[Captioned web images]
>>>>

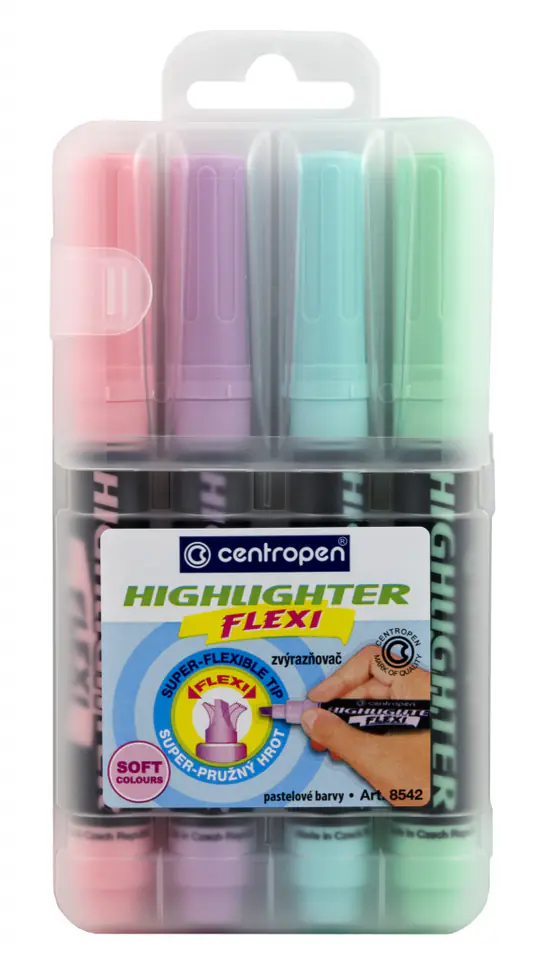 ⁨PASTEL HIGHLIGHTERS "Highlighter FLEXI SOFT 8542" MIX 4 colors CENTROPEN⁩ at Wasserman.eu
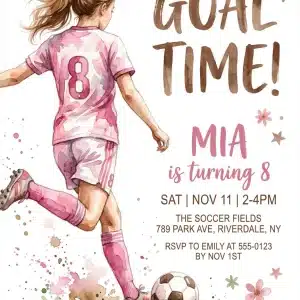 Girl Soccer Birthday Invitation - Pink & Teal Football Party Template
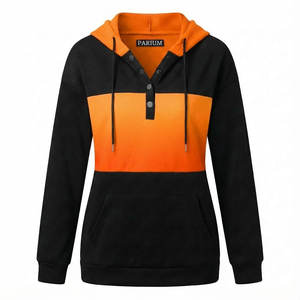 เสื้อฮู้ดดี้ผู้หญิงแฟชั่นสุดฮิต สไตล์สตรีทแวร์ แขนยาว มีกระเป๋าติดกระดุม คอเฮนลีย์ ดีไซน์บล็อกสี ผลิตตามสั่ง OEM - Product Image 4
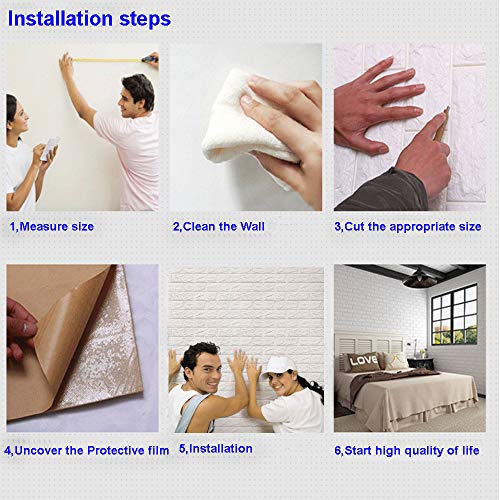 WANWEITONG 3D Papel Pintado ladrillo, PE de Espuma de 3D Wallpaper, DIY Pared Pegatinas Decoración de Pared en Relieve Piedra de ladrillo Para Casa Sala de Estar TV Fondo Pared (36 Pcs, Blanco)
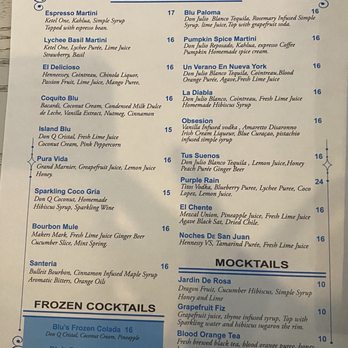 Coquito Blu - Drink menu - Latin American Near Me - Whitestone, New York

<<<<

What this task involves
Your copy should hold only the lines from the line with "เสื้อฮู้ดดี้ผู้หญิงแฟชั่นสุดฮิต สไตล์สตรีทแวร์ แขนยาว" through the end of the data above, both ends included, transcribed exactly and without pictures.

Solution below
 เสื้อฮู้ดดี้ผู้หญิงแฟชั่นสุดฮิต สไตล์สตรีทแวร์ แขนยาว มีกระเป๋าติดกระดุม คอเฮนลีย์ ดีไซน์บล็อกสี ผลิตตามสั่ง OEM - Product Image 4
 WANWEITONG 3D Papel Pintado ladrillo, PE de Espuma de 3D Wallpaper, DIY Pared Pegatinas Decoración de Pared en Relieve Piedra de ladrillo Para Casa Sala de Estar TV Fondo Pared (36 Pcs, Blanco)
 Coquito Blu - Drink menu - Latin American Near Me - Whitestone, New York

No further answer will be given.